Why are data standards so hard?

If you want to smooth the flow of data between systems, reduce cost and complexity, get better information out….and a myriad of other benefits….you need to standardise your data.

It’s blindingly obvious – why have a dozen different ways of representing the same thing … and then have to deal with mappings and mismatches and inconsistencies that render your analysis meaningless?

So, data standards are a good thing. Really, nobody will ever argue against that principle.

So….why don’t we just do it?

The thing is, data standardisation is really, very difficult to achieve. I have seen many standards initiatives consume vast amounts of resource and deliver no lasting benefit. I think there are four main reasons for this.

1. Specification or standard?

Having spent much of my career working with data specifications I have become a bit of a definition pedant. It’s unavoidable really and I am spectacularly bad company at parties.

One of the definitions I find most infuriating is the way many people define what a data standard is. A data standard is a data specification that has widespread and consistent adoption. That second part is really important.

You cannot create a data standard by just creating a specification, irrespective of how beautifully presented it is, how much analysis and review goes into it, or how much governance and control you wrap around it. A data specification that is not widely adopted is not a data standard….and data standards initiatives that don’t focus on implementation are doomed to failure. I have witnessed that too many times.

Rant over.

2. Costs and benefits

While benefits of standardisation are easy to set out, there are also costs associated with adopting standards. With standardisation being inherently ‘for the greater good’ it is often the case that the costs and benefits do not fall in the same place. You have to be prepared to shoulder a greater cost in order to contribute to the greater good – and this can be a very difficult case to make.

In addition to the one-off cost of change there is an on-going cost associated with the loss of control over your data specification.

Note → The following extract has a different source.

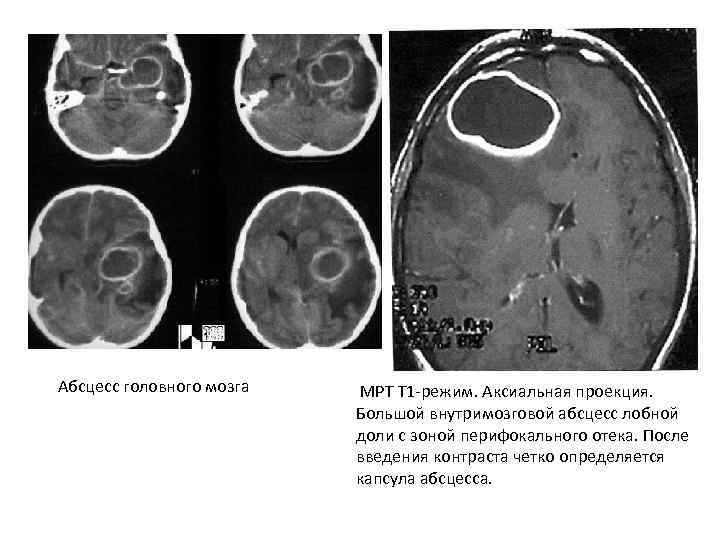 Абсцесс головного мозга МРТ Т 1 -режим. Аксиальная проекция. Большой внутримозговой абсцесс лобной доли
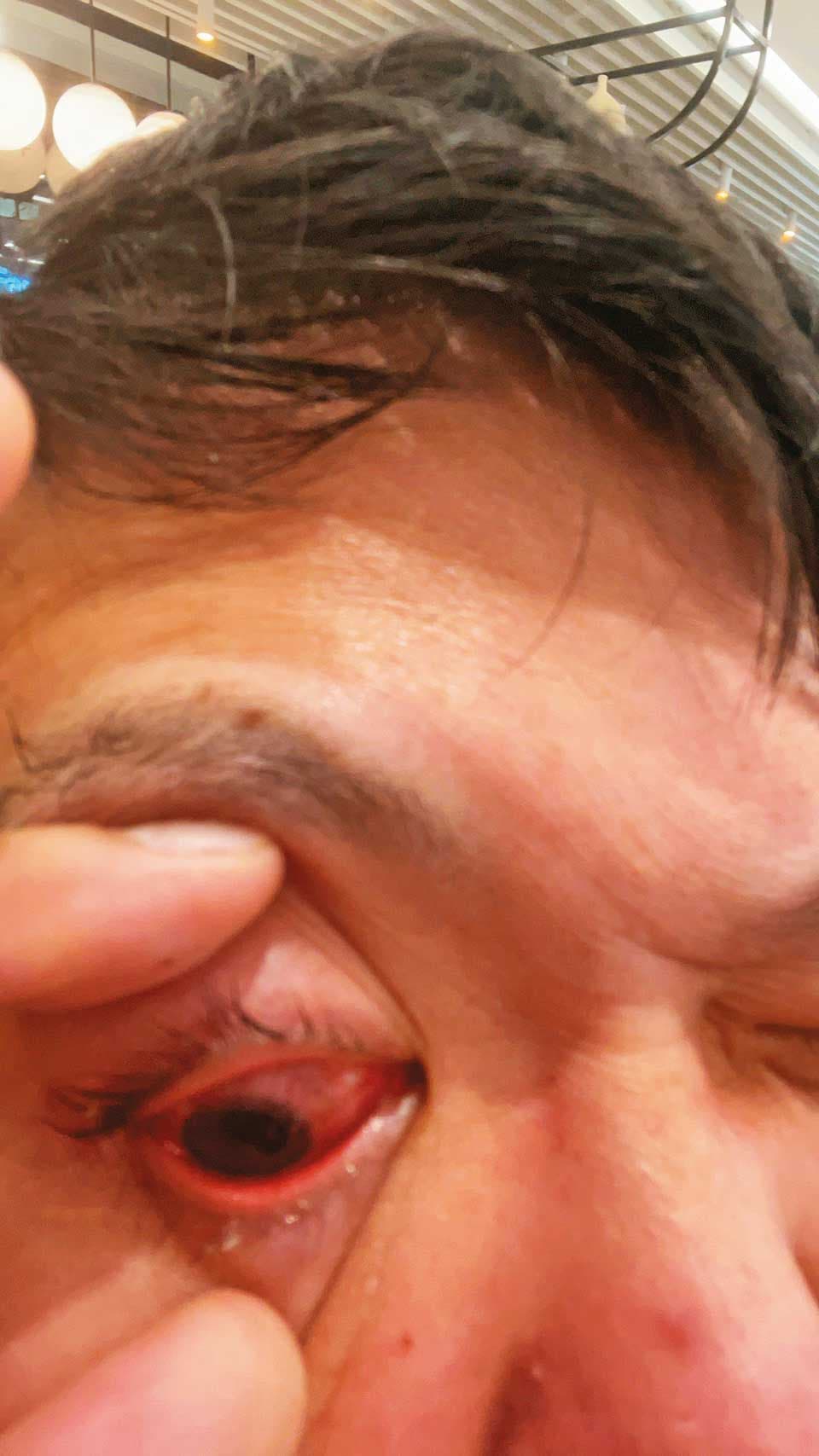 被警方壓制過程中，黃先生的眼角膜破裂受傷。（讀者提供）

Using an externally-managed standard means that you can’t change a specification when it suits you; you might not even be able to make the change you want at all. You might also become liable for implementing changes that others want but which deliver no benefit to you. There is some inherent loss of sovereignty in the adoption of data standards and it takes really strong leadership to properly commit to this.

3. Edge cases and oddities

They say that the devil is in the detail – and that certainly kills a lot of standards work. You can pick an area for standardisation and fairly easily define a model that standardises 99% of your domain or 99% of your use cases.

Then there is the 1%.

The 1% are those real world oddities that don’t fit your simple model. So you either ignore the edge cases (in which case your model doesn’t meet usability requirements) or you create a more granular, abstract model which caters for the edge cases but becomes even more complex (expensive) to implement and to maintain.

4. Standardising that which is not

My final type of standardisation failure is perhaps related to the edge cases and oddities, in that it is where data specifications hit up against the real world. However, in this case the problem is attempting to create a single data specification that covers a domain that is inherently not homogeneous, normally because it is too broad in scope. Now I’ve written before about the fundamental tensions that exist between hard data and our soft world so this is, to some extent, always going to be a problem with any data specification. But attempting to create a data specification for a domain that contains too much variability – entities that are inherently dissimilar – will run into the same problems are set out above. You either create a specification that over-simplifies reality and therefore fails in any real-world application, or you create a specification that is so abstract and complex it becomes unimplementable.

So how do we achieve true standardisation?

None of these issues are easy to fix. They require strong leadership, realistic thinking around scope and specifications and a clear focus on driving implementation. The benefits are massive, but it is not an easy road to travel.